(Beginning of Material provided)

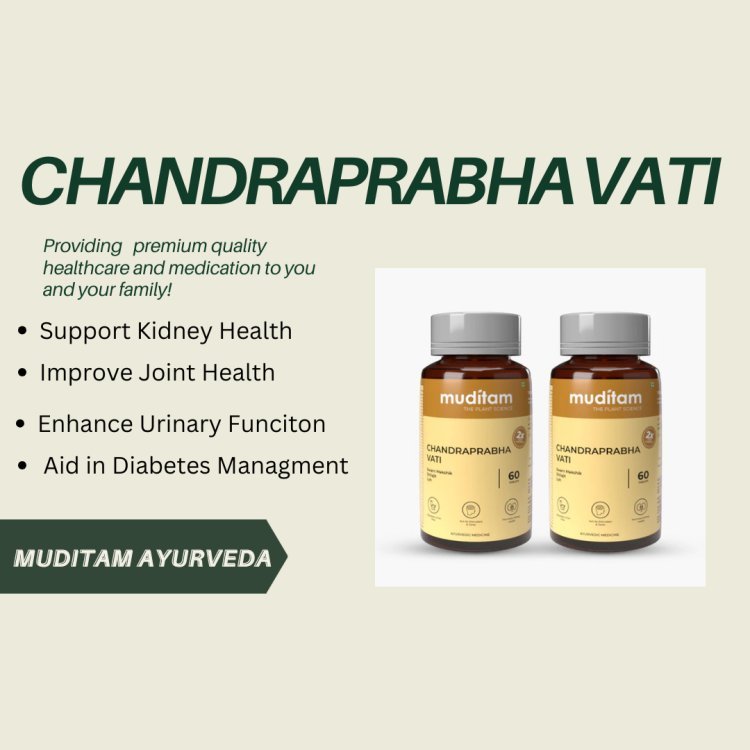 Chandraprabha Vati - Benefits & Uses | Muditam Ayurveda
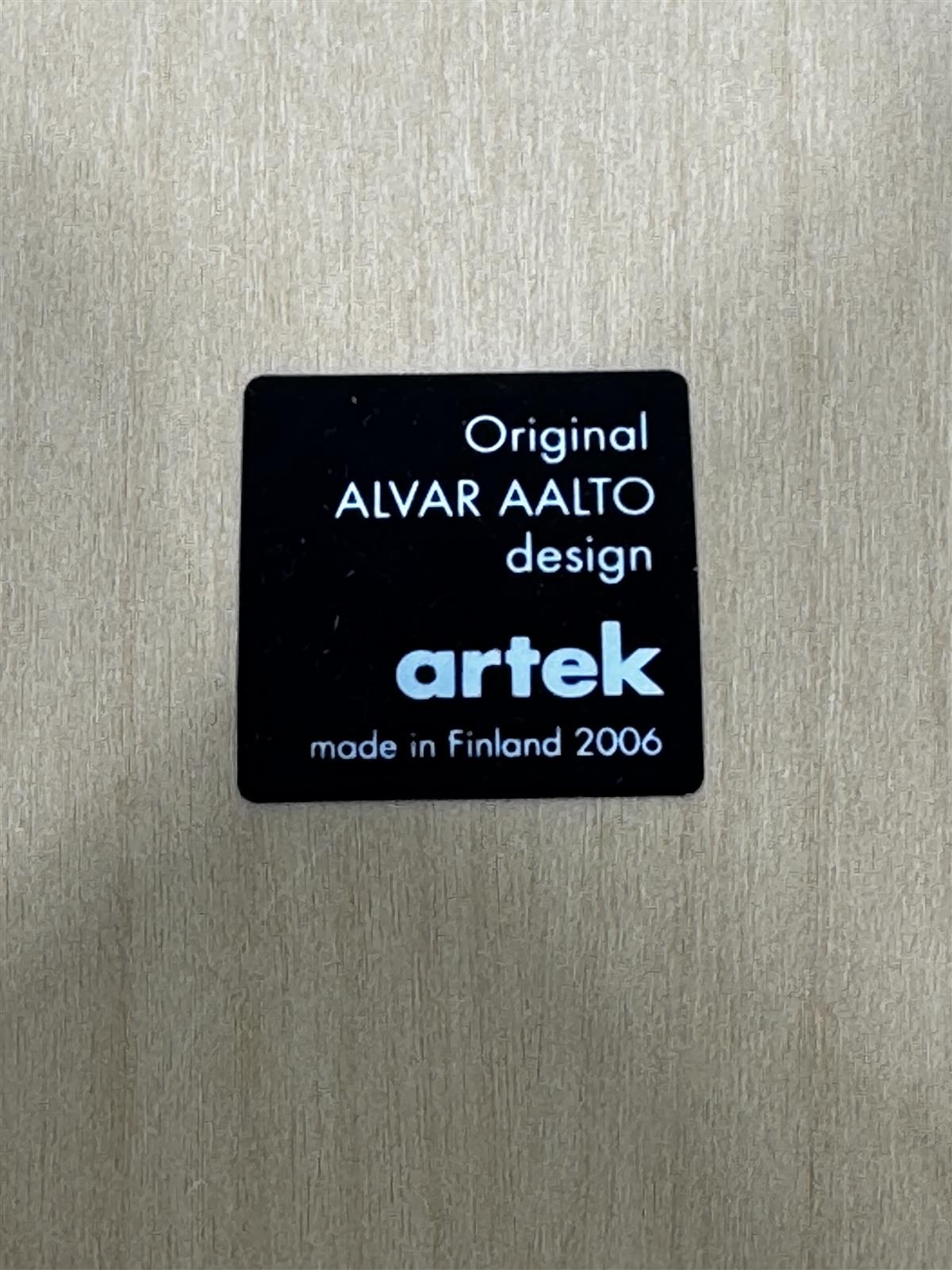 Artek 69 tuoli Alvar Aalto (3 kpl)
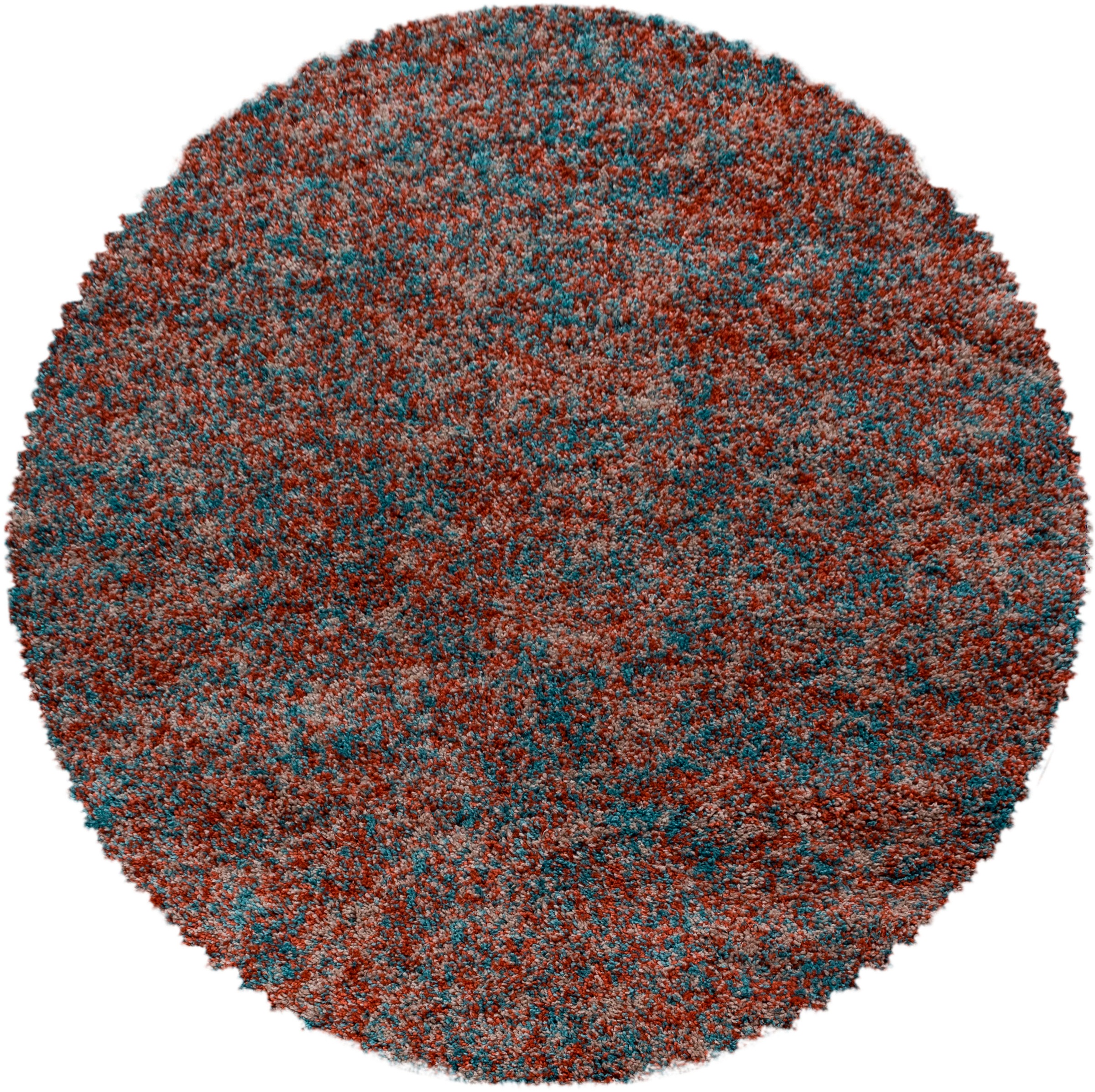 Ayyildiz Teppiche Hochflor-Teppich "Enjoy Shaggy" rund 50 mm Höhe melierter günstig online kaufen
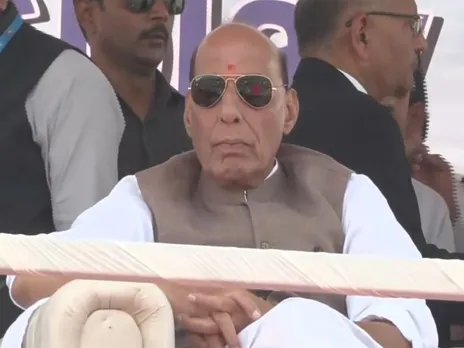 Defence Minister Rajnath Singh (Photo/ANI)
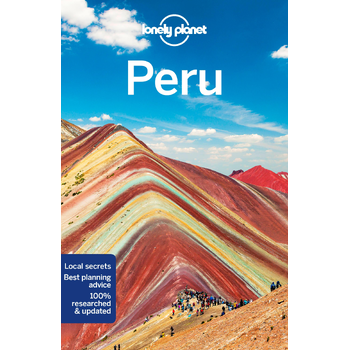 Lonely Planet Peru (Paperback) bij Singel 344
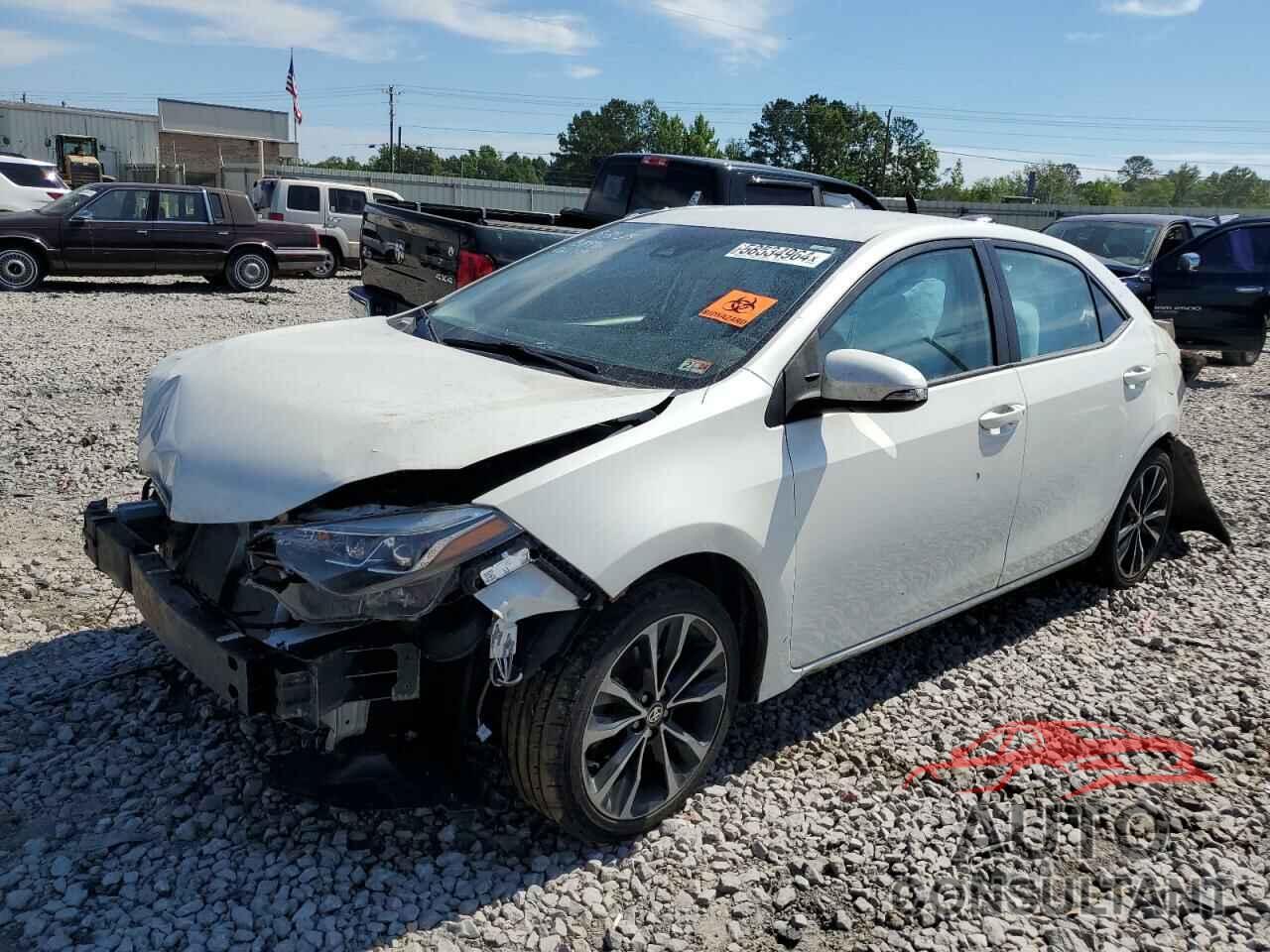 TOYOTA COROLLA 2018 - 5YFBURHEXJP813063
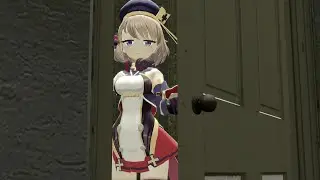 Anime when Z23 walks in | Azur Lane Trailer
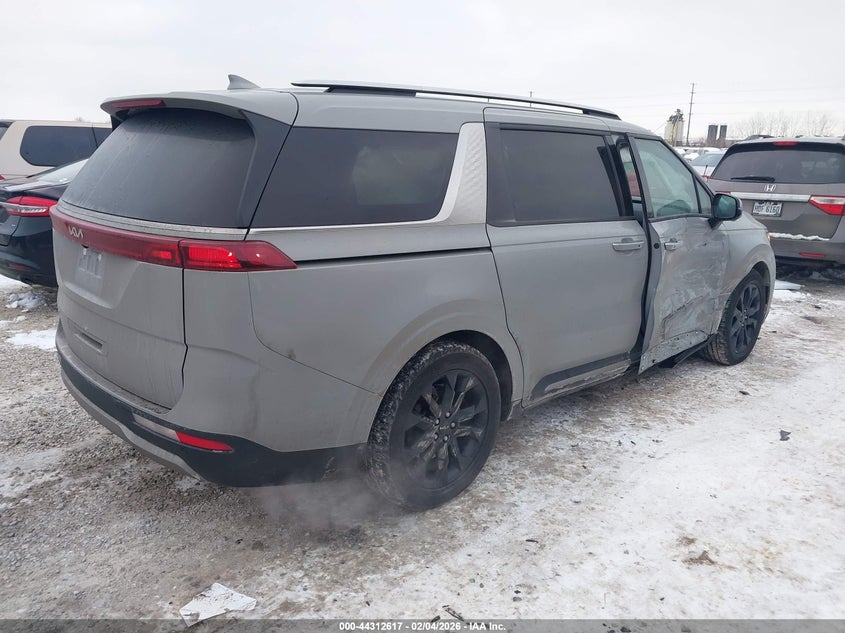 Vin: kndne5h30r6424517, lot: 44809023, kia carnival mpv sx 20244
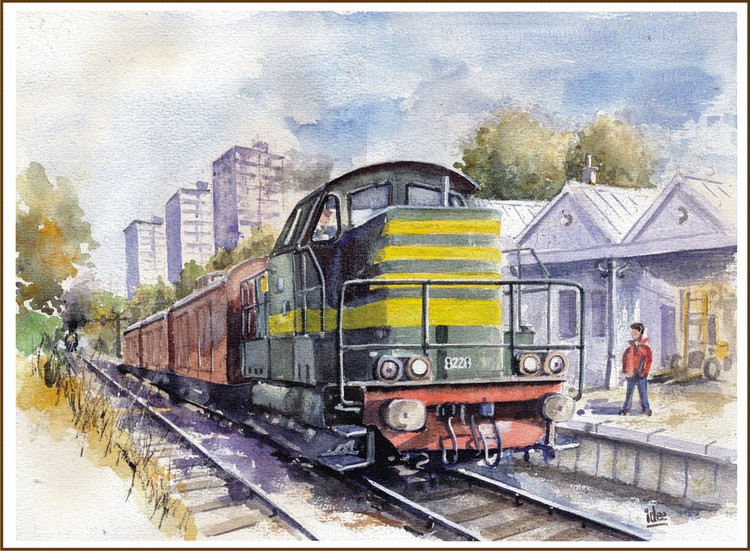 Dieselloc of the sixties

(End of Material provided)

• Aim of the task
Your copy should consist solely of the lines from the line containing "Vin: kndne5h30r6424517, lot: 44809023, kia" through the last line of the records above, reproduced exactly, with the pictures left out.

• Task response
 Vin: kndne5h30r6424517, lot: 44809023, kia carnival mpv sx 20244
 Dieselloc of the sixties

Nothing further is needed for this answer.